It certainly appears that the testnet is cropping up with the issue as outlined in that post. The flaw is clearly with nodes having sufficient stake going offline.

Do you believe that this is not a bug with Algorand?

no, pie in the sky. 3 is very unlikely, 2 is unlikely because they won’t know who is online if they were to attack plus you’re assuming everyone in that group know each other highly unlikely. 8. the attacks are infeasible, the attacker would have to know 990000 user locations and know if they’re online or not for the 1st attack. 2nd attack where would he buy those tokens from if they’ve all been acquired already, supply is fixed. Even 50 million isn’t enough for attack. if 990000 have 5% of stake that’s 500mill + the 250mill from 200. that’s significantly larger the 50million usd. All this you assume everyone knows everyone else.
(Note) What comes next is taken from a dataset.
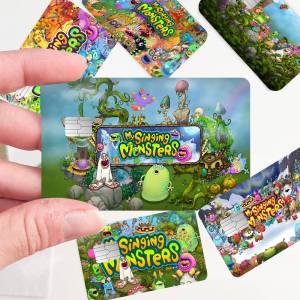 Game My Singing Monsters Diy Credit Debit Card Sticker Party Sticker Decoration Waterproof Small Chip Card Skin Sticker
Algorand prefers safety over liveness so if it halts that’s fine but that’s rare and it recovers quickly from halts. Micali was right, the probability makes it unlikely.And you’re the founder of a chain, i’m sorry for you. At least you got the clicks to shill your chain


It’s still a problem, not fixed in most of the blockchains.

try again, in the white paper algorand addressed the sleepy consensus. algorand isn’t sleepy consensus. 2017? bruh

Not addressed. Anyway all the best with your investment in ALGO. Logging off.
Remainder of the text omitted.